The problem posed at the SDL Trados Roadshow in Helsinki by some very technical attendees, after the event was over, was about how to efficiently work on a Translation Memory (TM) so you could remove all the unnecessary duplicates.
The problem can be managed through Studio using the features available in the Translation Memory Maintenance View… but only if you know which segments are duplicates so you can find them. Not really helpful in this case where we actually want to be able to find the segments with same source but different target, and then remove the ones we don’t want with the aid of better QA features that are in the Studio Editor.
So the solution we came up with was to make use of two of the things we demonstrated during the events:
- SDLTmConvert – an OpenExchange application
- Frequently Occurring Units – a Project Management feature in Studio
To demonstrate how this works I took a TM from the DGT (just a sample of around 20k TUs), upgraded it to Studio and then using the SDLTmConvert application I converted it into XLIFF files. I don’t intend to work on these files directly so I just created 4 files with around 5000 TUs in each one.

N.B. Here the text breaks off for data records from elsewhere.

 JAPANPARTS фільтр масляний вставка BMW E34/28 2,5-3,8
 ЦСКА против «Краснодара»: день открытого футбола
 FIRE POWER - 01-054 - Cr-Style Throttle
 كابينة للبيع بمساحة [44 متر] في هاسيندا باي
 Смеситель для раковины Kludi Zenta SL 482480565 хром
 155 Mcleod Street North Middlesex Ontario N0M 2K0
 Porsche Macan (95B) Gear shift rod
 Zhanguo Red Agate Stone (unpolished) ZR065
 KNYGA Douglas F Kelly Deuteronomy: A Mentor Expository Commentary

I then created a project in Studio with these files and made sure that when I did this I applied the Frequently Occurring Units feature during the analysis:
This is a very cool feature in Studio that allows you to create an SDLXLIFF file containing only the segments that occur more than the number of times you set… I selected 2. If you use this when you are working on a Project with some colleagues, but you don’t have a TM Server (SDL GroupShare) where you can actively share the same TM as you work, then by translating this file first and then pre-translating the Project you can ensure consistency for these segments. Then you share the pre-translated files out for translation… so pretty neat.

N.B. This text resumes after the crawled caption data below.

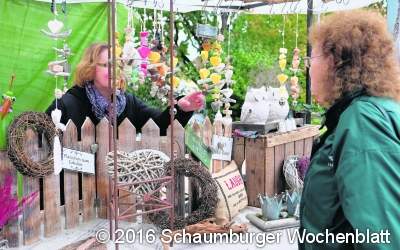 Gänsekapelle, Grapefruitseife und gesellige Genossen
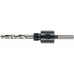 HiKOKI 752181 Stopka pro vrtací korunky do 30mm, šestihran 6mm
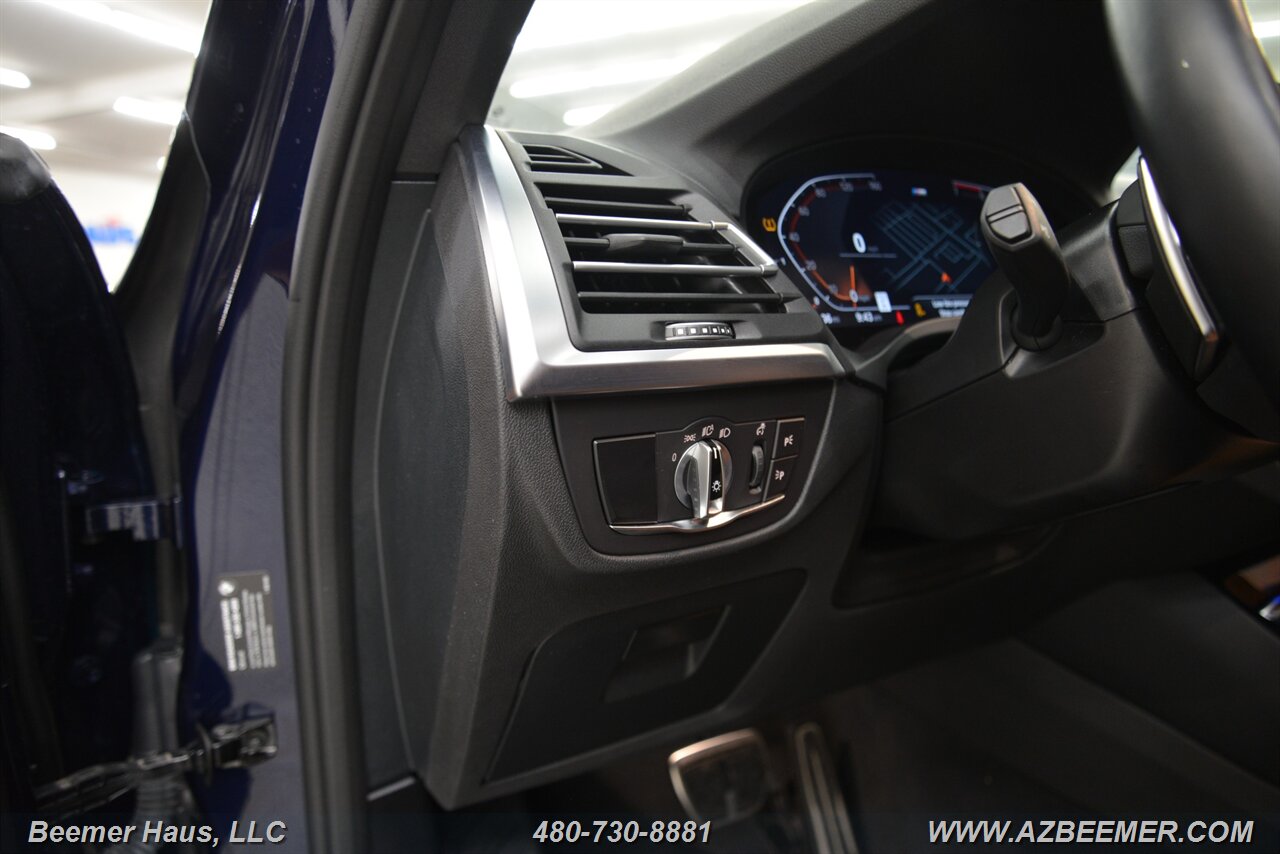 2024 BMW X3 sDrive30i - Photo 27 - Mesa, AZ 85202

But for my purposes I’m interested in the TUs that occur more than once so I can find the duplicates in the TM and remove the ones I don’t want. So to do this I add the exported file (which is created in a folder called “Exports” in the Studio Project folder) to my Project as a translatable file and then open it with my TM attached. I now see things like this:
So 1. is my TM Results window and 2. is the active segment in my Frequently Occurring Units export. You can see I have 5 results, so I can now decide which ones I wish to keep and I can remove the rest one at a time, or by selecting more than one at a time, by right-clicking in the TM Results window and selecting “Delete Translation Unit”:
If I also ensure my TM is not set to update so I don’t mess with the context information that may be on the TU then I can work through the file confirming segments and then I know exactly where I got to and can easily return to the task on another day if there are so many TUs to correct.
I thought this was quite a neat solution using the Studio Platform to solve a problem that perhaps many people have come across and then resorted to other, perhaps more arduous means to resolve it.